[[ Working data, beginning ]]

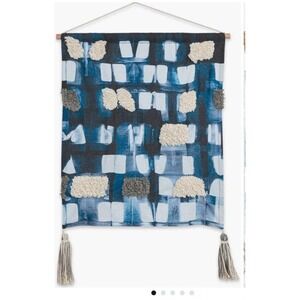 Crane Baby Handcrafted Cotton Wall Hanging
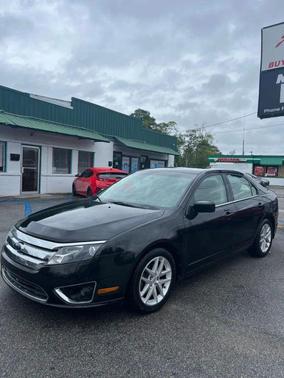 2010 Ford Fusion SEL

[[ Working data, end ]]
[[ Working data, beginning ]]

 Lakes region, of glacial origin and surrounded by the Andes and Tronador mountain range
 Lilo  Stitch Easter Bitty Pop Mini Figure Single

[[ Working data, end ]]

__Your instructions__: Output exactly the lines above, beginning at the one with "Crane Baby Handcrafted Cotton Wall Hanging" and stopping after the one with "2010 Ford Fusion SEL". Pictures are to be omitted.

__Expected answer__:
 Crane Baby Handcrafted Cotton Wall Hanging
 2010 Ford Fusion SEL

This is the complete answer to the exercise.